The case also moves the PSU to the bottom and separates it from everything else with a steel box. This allows it to exhaust out the bottom rather than into the case and directly over the CPU, which is a genius idea. The PSU itself is a mid-range non-modular but it's fine. There is a magnetic flap on top of the case to cover the two fans when they're not in use and a filter when they are. It is a case of amazing and I may never replace it again.
Processor
I went top of mid range, i.e. a Core i5 7600k which is unlocked for overclocking, though it looks like it mostly underclocks to save power when I'm not doing anything intensive. I can remember when adjusting clock speed on the fly was a recipe for crashes but this seems rock steady. Intel has stopped shipping chips with a stock cooler, luckily I noticed this before ordering or I would have been annoyed. I bought a cheapy HSF that is adjustable to just about any motherboard under the sun. I also bought another tube of thermal goo which will go mostly unused as you only ever need a tiny bit. Anyway everything went in easily enough and my anti-static wristband only fell off about two million times so win.
RAM
A couple of DDR4 Corsair or Crucial or something, 16GB with heat spreaders. They support dual channel but I put them in in single channel mode since I doubt they will ever be a bottleneck. RAM has not come down in price much in the last five years.
Boot drive
I went crackers and got the Samsung 960evo which has the newish M.2 interface. This is the only aspect of the build that was significantly different to five years ago. The card is a small PCB which fits directly onto the motherboard similar to a PCI card. I was half expecting Windows to not recognise it but it did so yay. It is 250GB and means I boot up in a few seconds.
Data drive
Another SSD, this one the slower but still shit-off-a-shiny-shovel SATA/6GB. It is 500GB which is not huge but should be fine. May the era of hard disks finally die forever amen.
Optical storage
I put in the SuperMultiBlue BD writer from my last build, the only internal component I reused. I love burning blu-ray disks, I don't know why but they seem very unfashionable. Most prebuilt PCs seem to stick with DVD-RWs even though a blu-ray writer would probably only add around £20 to the build. Embrace blu-ray writing, world.
Graphics card
GeForce GTX1060. This seems a decent upper-mid range card. I haven't really put it through its paces yet but I ran the SteamVR tool to see if it could handle an Oculus Rift or similar and it passed with flying colours, whatever they are, so that is nice.
OS
I went for Windows 10 Pro OEM which installed quickly and easily, though configuring it after that was exhausting.
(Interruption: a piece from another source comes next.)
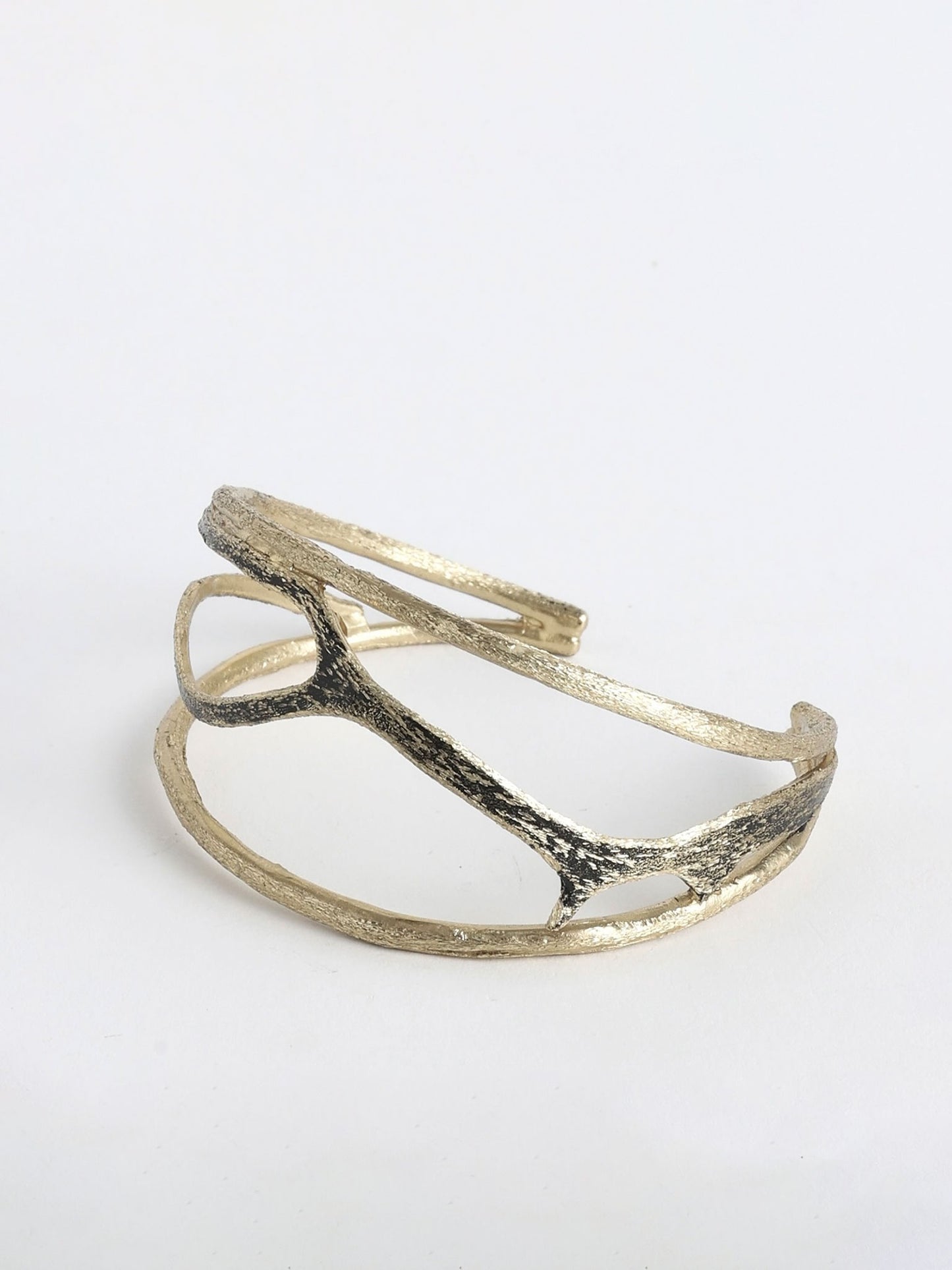 Χειροποίητo ανοιγόμενο βραχιόλι τεχνητή μαύρη οξείδωση κατασκευασμένο στην Ελλάδα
Windows keeps hiding more and more of the useful stuff and replacing it with crap I don't need - did you know Win10 comes with Minecraft pre-installed? But after many hours of wrangling I finally got everything installed, drivers set up and so forth.
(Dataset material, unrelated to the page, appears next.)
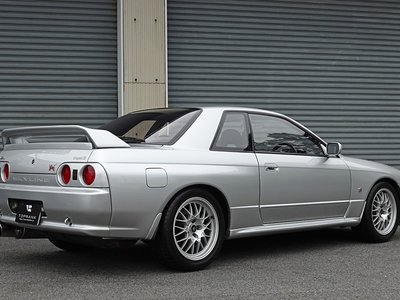 NISSAN SKYLINE GT-R - 2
Overall it was probably the easiest build I've done, I only swore at it maybe a hundred times and I only lost around twenty fiddly little screws so WIN.
I took the opportunity to also upgrade my desktop speakers. I got a nice stereo pair of Wavemaster speakers with a subwoofer. It sounds good but my favourite thing about it is a large volume knob that sits on my desk and means I don't have to reach down any more like in the bad old days of last week. Reaching down is for LOSERS.
ETA: Forgot to mention that I kept my existing monitor which is an IPS LED-backlit full HD panel and the state of the art hasn't moved on much from there. I could have gone up to 4K or something I suppose but for the cost it's not really worth it.